Debit card with one cent positive balance

A wholesaler I deal with at work periodically offers perks to reward their customers who meet certain spending goals. Last month I qualified for a $100 “rebate”.

Previously they’ve sent me a check. This time they sent me a debit/credit card. It had a $100 positive balance. But, after the $100 was spent, it would then act like a credit card. I do not need/want a credit card. I was not happy.

So, I used the debit card to purchase a gift card at my local bar. I specifically purchased a gift card for $99.99, then destroyed the debit/credit card.

According to the paperwork there are no charges/fees as long as a balance remains on the debit card. There was no time limit on using the debit card. So, what will happen with my penny balance?

That’s a new one on me.

If there is no balance left on the card, how could they possibly collect a fee? This is a card you did not apply for, and unless your wholesaler has your SSN this would not go on your credit record.

I think the penny will sit there until the bank considers the account abandoned, which could take years–I’m going to guess seven, if there is no stated time limit.

That being said (sorry, more opinion than fact), I do wonder if you have read the fine print correctly. Some gift cards with credit card branding are reloadable debit cards that you can keep using, rather than being a one-time gift card. Are you sure you don’t have one of those? I just can’t believe that any random person can just open a credit card account for you.

Nope, in fact if I did not keep track of my purchases and spent $105.00, the $5.00 would have been on the credit card. Those rules were very specific. It seems like a kind of “gotcha”. And yes, although I never applied for a credit card from this wholesaler, I have an account with them, so the have my SSN, etc.

I get those rebate cards all the time. You really just use them like a gift card until they’re gone and that’s the end of them.
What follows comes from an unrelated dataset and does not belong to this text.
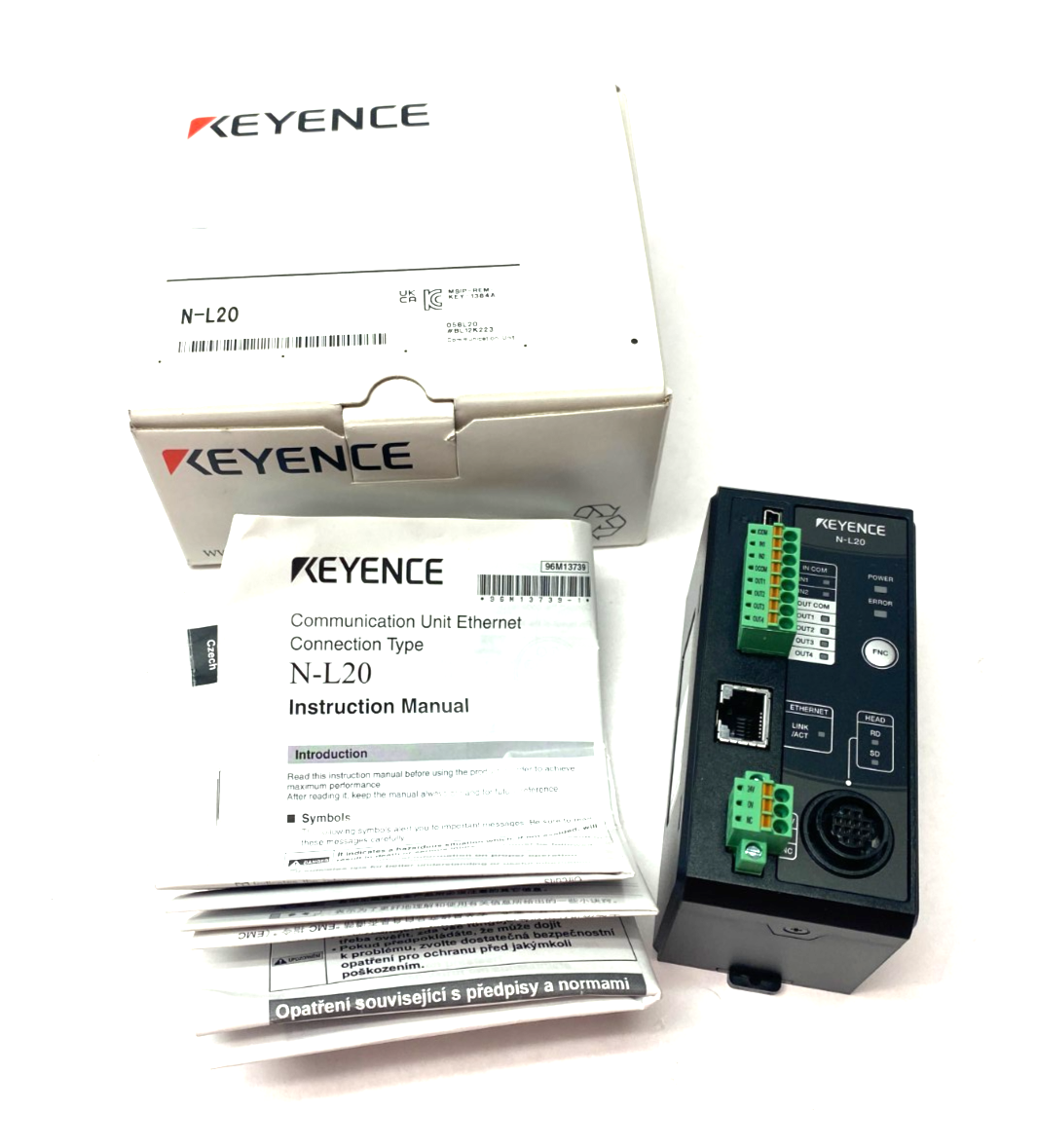 Keyence N-L20 Ethernet Connection Communication Unit 24VDC - Maverick Industrial Sales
I had two $50 cards and used them both on a $120 shopping bill. I swiped the first, chose “credit” (instructions say to “use them like a credit card” - as in, don’t type in a PIN, even though the front of the card says “debit card.”) and it was accepted. Then the system said my total was $70. I did the same with the second, it was accepted, said my total was $20. I put in my real credit card to finish it off, and threw the two rebate debit cards in the trash.

There is no mention of these cards (or any previous such cards) on my credit report.

Just toss the cards when you’re done. Or, cut them up and toss them. They’re really just gift cards that can be used anywhere.

Are those rules online, and can you link to them? It seems very, very unlikely to me that someone could open any significant line of credit for you without your explicit consent. I can see the cardholder saying something like “if the merchant makes a mistake and lets you charge more, we can bill you for it,” but turning into a credit card after the spend? A card you never applied for, did a credit check for, or signed for? I can’t imagine that you weren’t misunderstanding something.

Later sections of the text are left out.